*** Block opens ***

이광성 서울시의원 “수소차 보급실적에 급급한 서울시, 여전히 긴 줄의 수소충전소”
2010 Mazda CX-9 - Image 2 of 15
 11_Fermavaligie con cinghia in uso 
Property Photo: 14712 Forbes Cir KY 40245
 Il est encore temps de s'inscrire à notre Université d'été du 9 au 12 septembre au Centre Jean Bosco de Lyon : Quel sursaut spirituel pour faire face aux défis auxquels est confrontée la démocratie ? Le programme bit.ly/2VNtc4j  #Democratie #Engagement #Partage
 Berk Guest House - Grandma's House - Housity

*** Block closes ***

REQUIREMENT → Take the line holding "2010 Mazda CX-9 - Image 2 of 15" and all lines after it through the end of the data, and set them down exactly.

ANSWER SECTION →
2010 Mazda CX-9 - Image 2 of 15
 11_Fermavaligie con cinghia in uso 
Property Photo: 14712 Forbes Cir KY 40245
 Il est encore temps de s'inscrire à notre Université d'été du 9 au 12 septembre au Centre Jean Bosco de Lyon : Quel sursaut spirituel pour faire face aux défis auxquels est confrontée la démocratie ? Le programme bit.ly/2VNtc4j  #Democratie #Engagement #Partage
 Berk Guest House - Grandma's House - Housity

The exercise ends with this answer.